^ _ ^
Reference
A Closer Look at How Fine-tuning Changes BERT
BERT-fine-tuning-analysis
Introduction
The architecture that Pretrained Language Model + Fine-Tuning Layer
has been universally successful. Yet, how fine-tuning changes the embedding space is less studied.
The article proposed a hypothesis: Fine-tune affects classification performance by increasing the distance between examples associated with diffrent labels.
Conlusion: Fine-tuning does not introduce arbitrary changes to representations; instead, it adjusts the representations to downstream tasks while largely preserving the original spatial structure of the data points.
Question
- Does fine-tuning always improve performance?
- How does fine-tuning alter the representation to adjust for downstream tasks?
- How does fine-tuning changes the geometric structure of different layers?
Contribution
- Fine-tuning introduces a divergence between training and test sets, which is not severe enough to hurt generalization in most cases.
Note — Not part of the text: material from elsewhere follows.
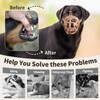 Mayerzon Dog Muzzle, Breathable Basket Muzzles for Small, Medium, Large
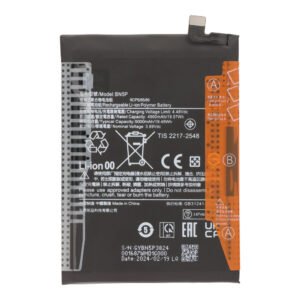 Baterija BN5P skirtas Xiaomi Redmi Note 13 5G/Note 13 4G - 5000mAh - OEM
However, we do find one exception where fine-tuning hurts the performance; this setting also has the largest divergence between training and test set after fine-tuning.
- For a representation where task labels are not linearly separable, we find that fine-tuning adjusts it by grouping points with the same label into a small number of clusters (ideally one), thus simplifying the underlying representation.
- Fine-tuning does not change the higher layers arbitrarily. This confirms previous findings. Additionally, we find that fine-tuning largely preserves the relative positions of the label clusters, while reconfiguring the space to adjust for downstream tasks.
Probing Methods
- Classifiers as Probes: To understand how well a representation encodes the labels, for a task, a probing classifier is trained over it, with the embeddings themselves kept frozen when the classifier is trained. Classifier probes aim to measure how well a
contextualized representation captures a linguistic property. - DirectProbe: Probing the geometric structure.
- Number of clusters: The number of clusters indicates the linearity of the representation for a task.
- Distance between clusters: Distances3 between clusters can reveal the internal structure of a representation.
- Spatial Similarity: Intuitively, if two representations have similar relative distances between clusters, the representations themselves are similar to each other for the task at hand. Distance vector is used for representation.